Task details |
Starting with the line where "Modern template design" appears, print every line through the end of the entries below exactly as it stands, and leave out the pictures.
━━━━━━━━━━━━━━━━━━━━
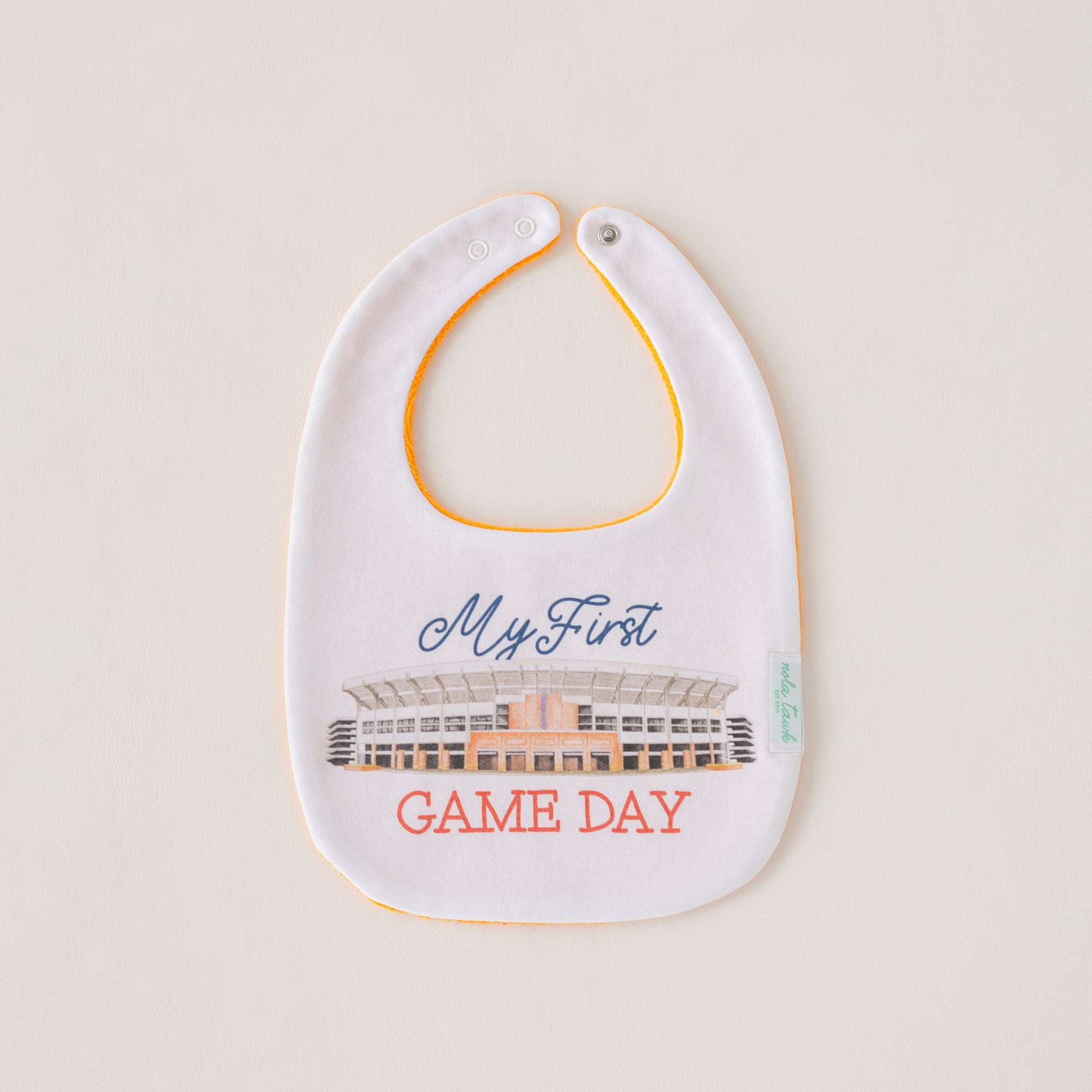 My First Game Day - Auburn Organic Cotton Baby Bib-Rogue Magnolia Custom Designs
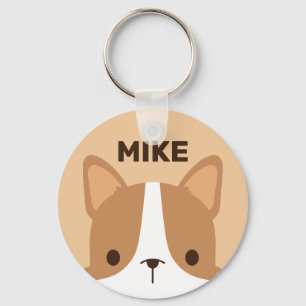 Chaveiro Cachorro de Corgi Bonito com Nome Personalizado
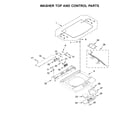 Whirlpool WET4024HW0 washer top and control parts diagram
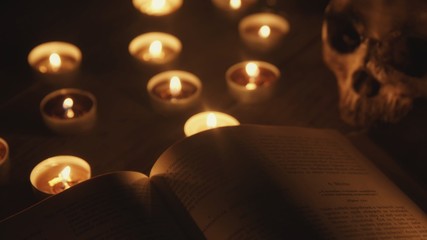 Altar with magical grimoire closeup photo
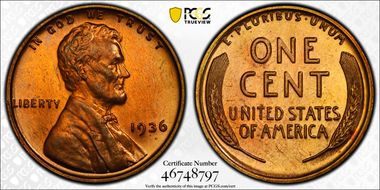 1936 1C Satin PR65RD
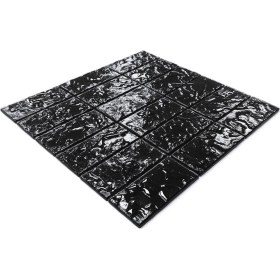 Resim MozaiKristaL Mutfak Tezgah Arası, Banyo, Havuz, Sauna, Spa ve Yaşam Alanlarının Tüm Yüzeyleri Için Kaya Deseni Yüzeyli, 30X30 cm Fileli Siyah Kristal Cam Mozaik. ( 1 m2 fiyatıdır ) 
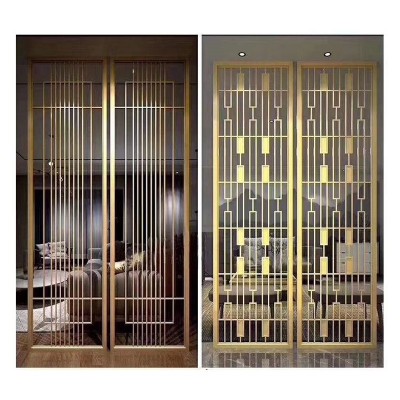 不锈钢屏风新中式客厅屏风隔断现代简约轻奢酒店金属玄关图4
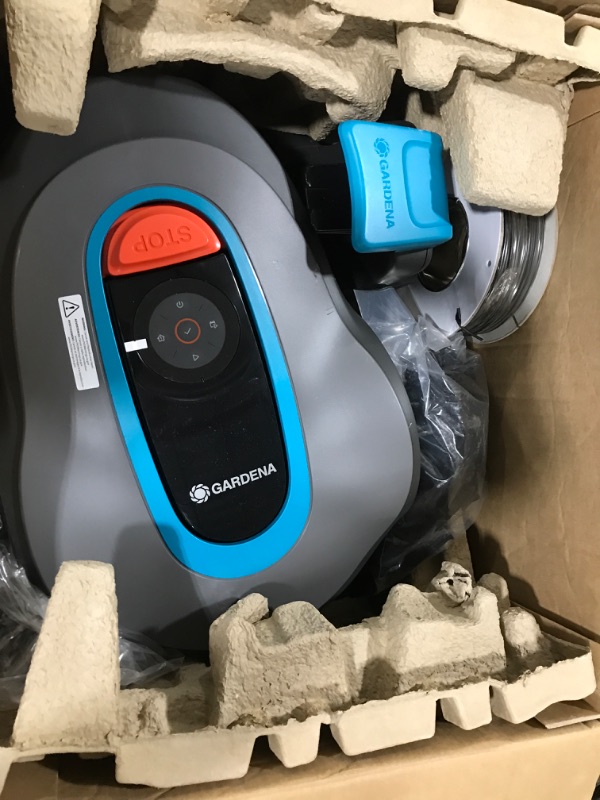 Photo 1 of GARDENA SILENO Minimo Automatic Robotic Lawn Mower with Bluetooth app, Boundary Wire - For lawns up to 2700 Sq Ft, Made in Europe, Grey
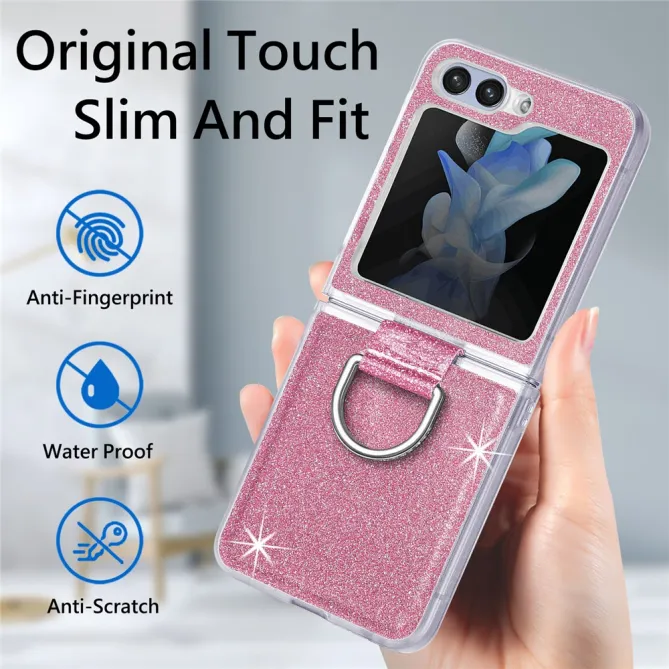 Coque Samsung Galaxy Z Flip 7 FE et Z Flip 6 Pailletée Anneau Strass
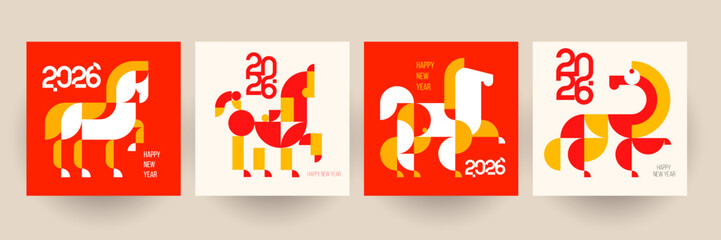 Modern template design with silhouette horse in fashion minimalist style. Chinese new year 2026. Set holiday background for cover, invitation, poster, banner, flyer, placard. Vector illustration.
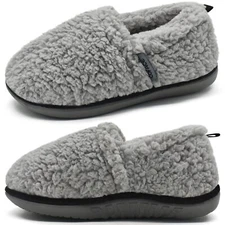 COFACE Womens Slippers Size 7 Grey Memory Foam Plush Sherpa Lined Cozy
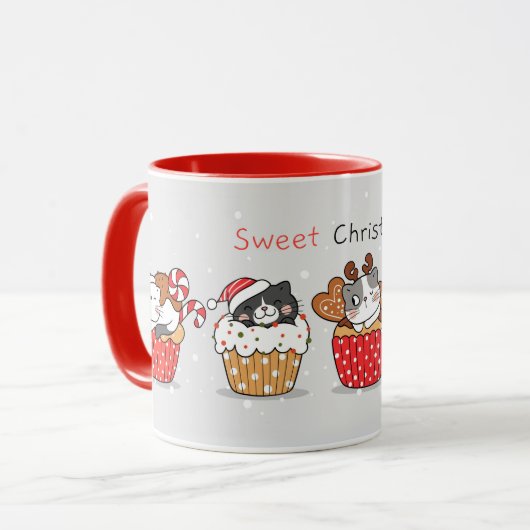 Mop met leuke Kerstkatten Mok (Voorkant links)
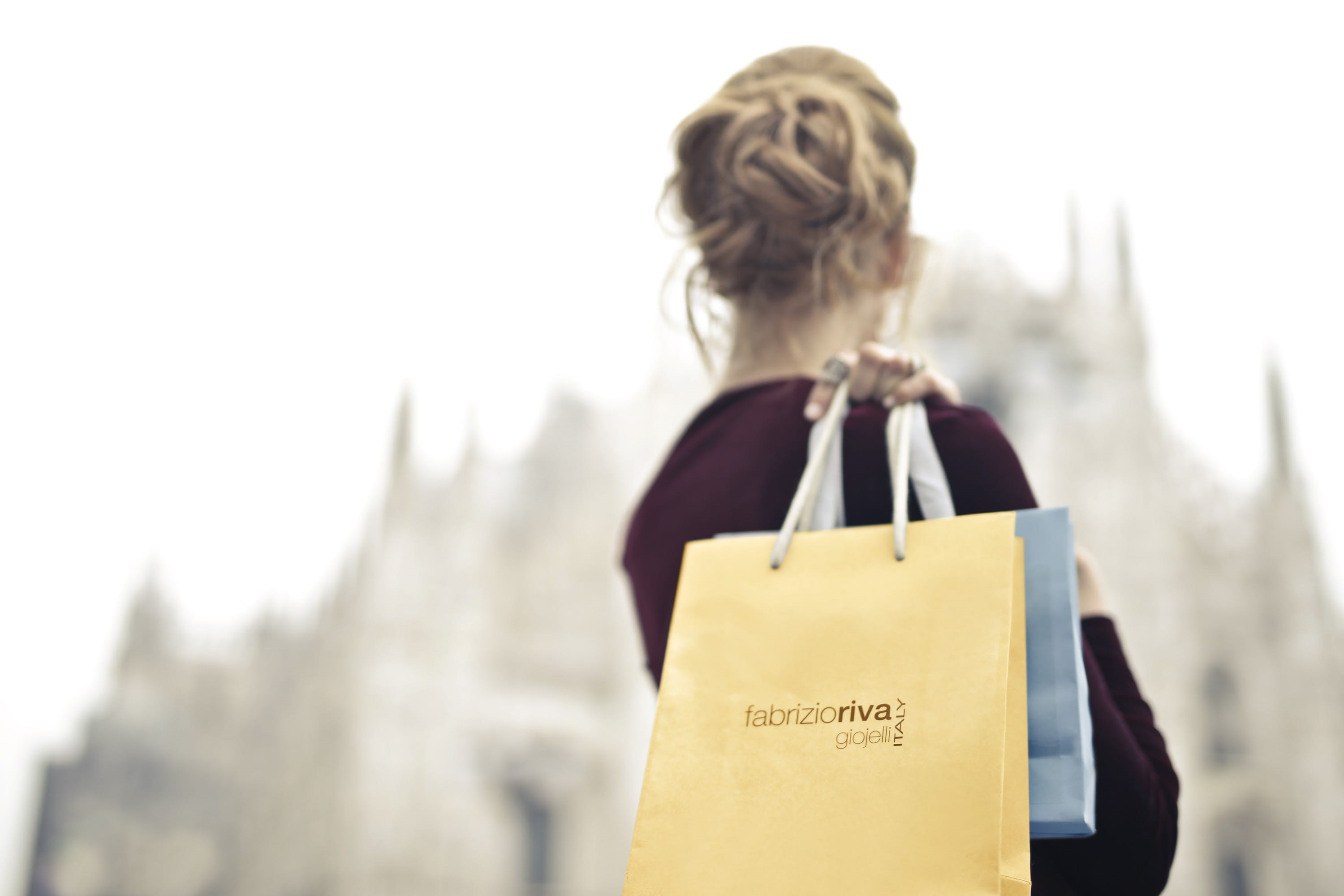 ring, blond, shopping bag, dress, city, women, jewelry, hand, red, consumerism, bags, woman, velvet, people, street, retail, shoulder, young, adult, white, HD Wallpaper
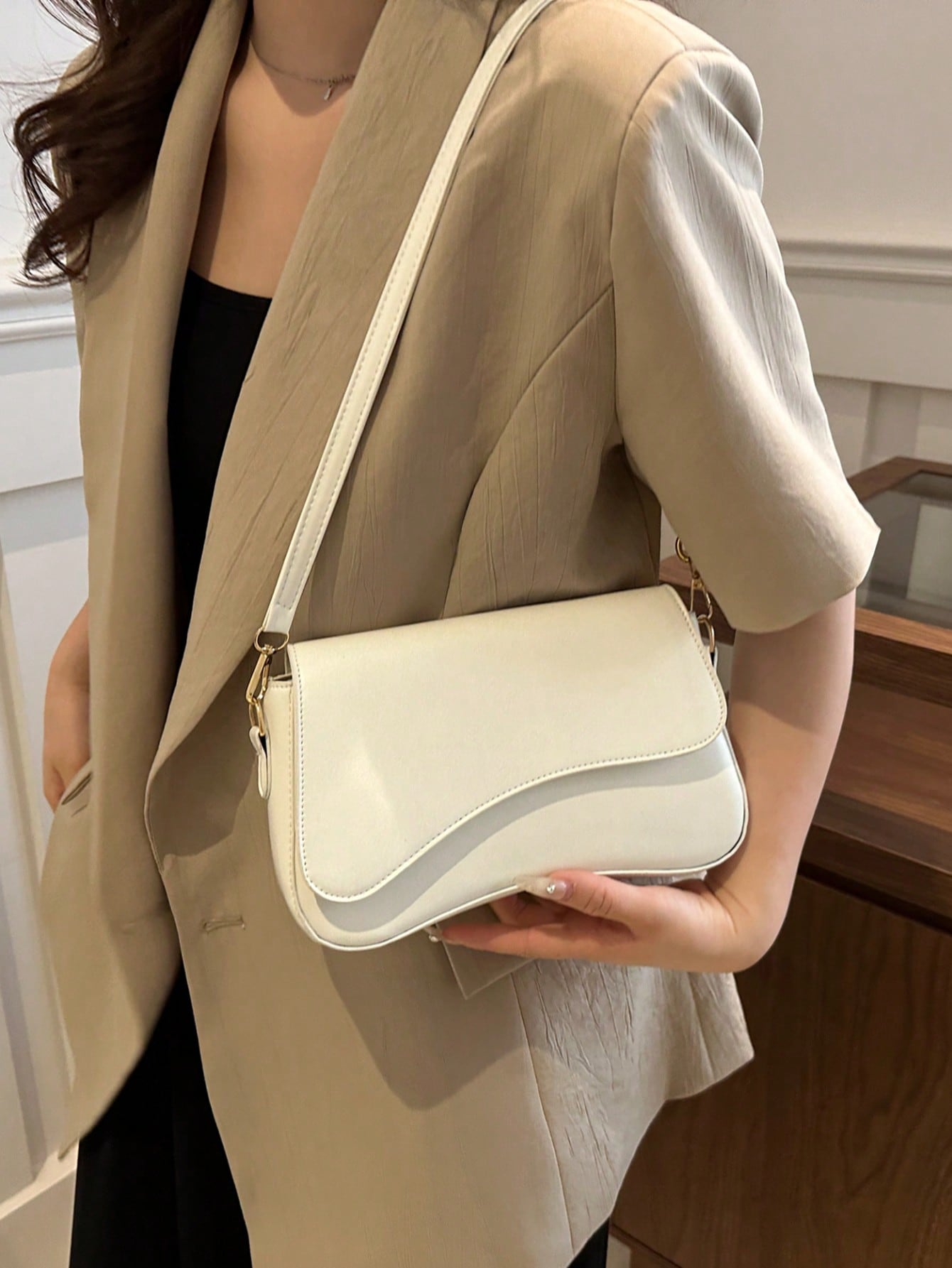 CoreRevo Minimalist Solid Color Shoulder Flap Bag, Classic Textured Crossbody Bag Purse For Women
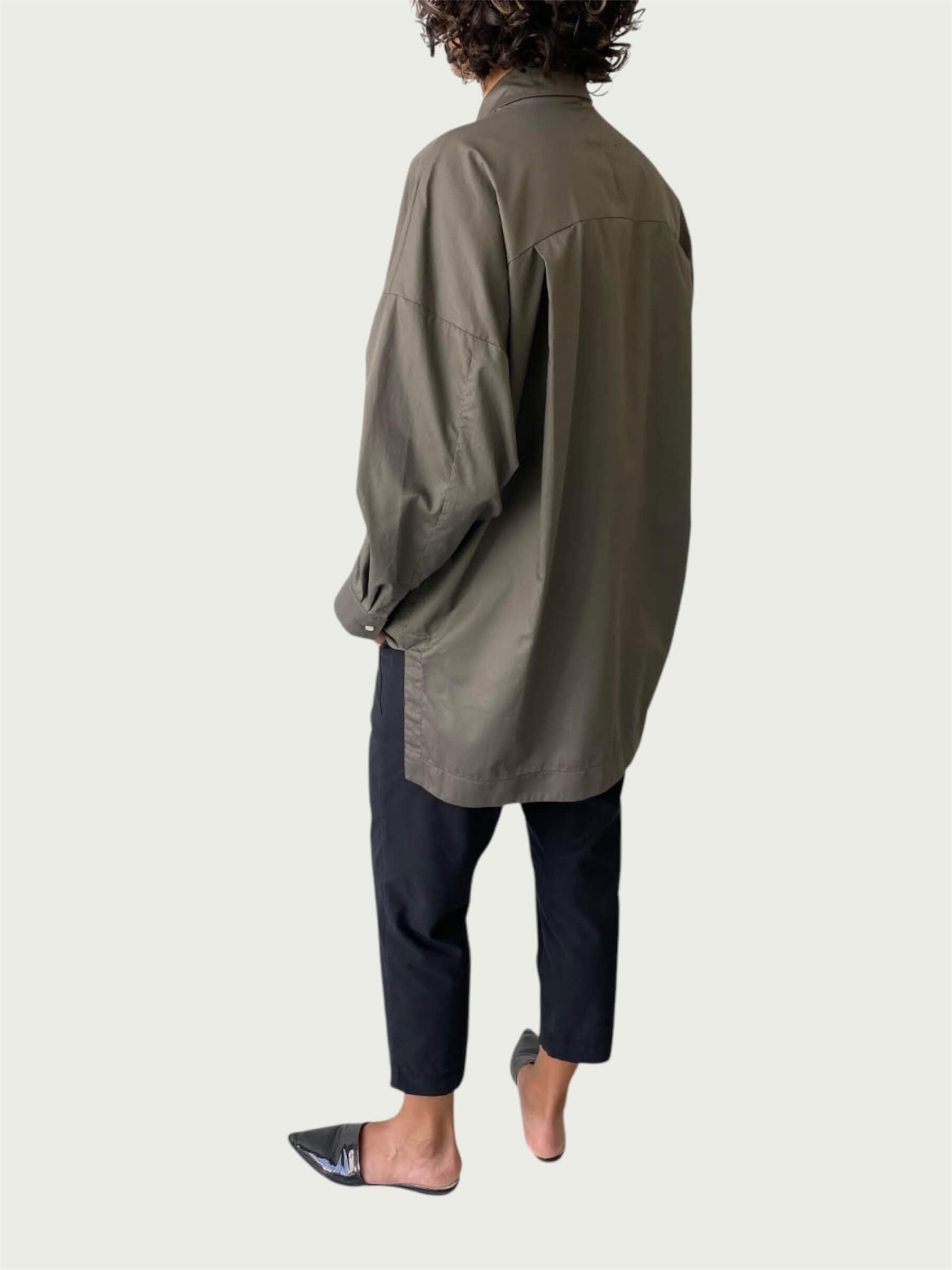 Cotton Dress Shirt in Laurel Grey, large / OG Price: $285.00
━━━━━━━━━━━━━━━━━━━━
Solved exercise |
 Modern template design with silhouette horse in fashion minimalist style. Chinese new year 2026. Set holiday background for cover, invitation, poster, banner, flyer, placard. Vector illustration.
 COFACE Womens Slippers Size 7 Grey Memory Foam Plush Sherpa Lined Cozy
 Mop met leuke Kerstkatten Mok (Voorkant links)
 ring, blond, shopping bag, dress, city, women, jewelry, hand, red, consumerism, bags, woman, velvet, people, street, retail, shoulder, young, adult, white, HD Wallpaper
 CoreRevo Minimalist Solid Color Shoulder Flap Bag, Classic Textured Crossbody Bag Purse For Women
 Cotton Dress Shirt in Laurel Grey, large / OG Price: $285.00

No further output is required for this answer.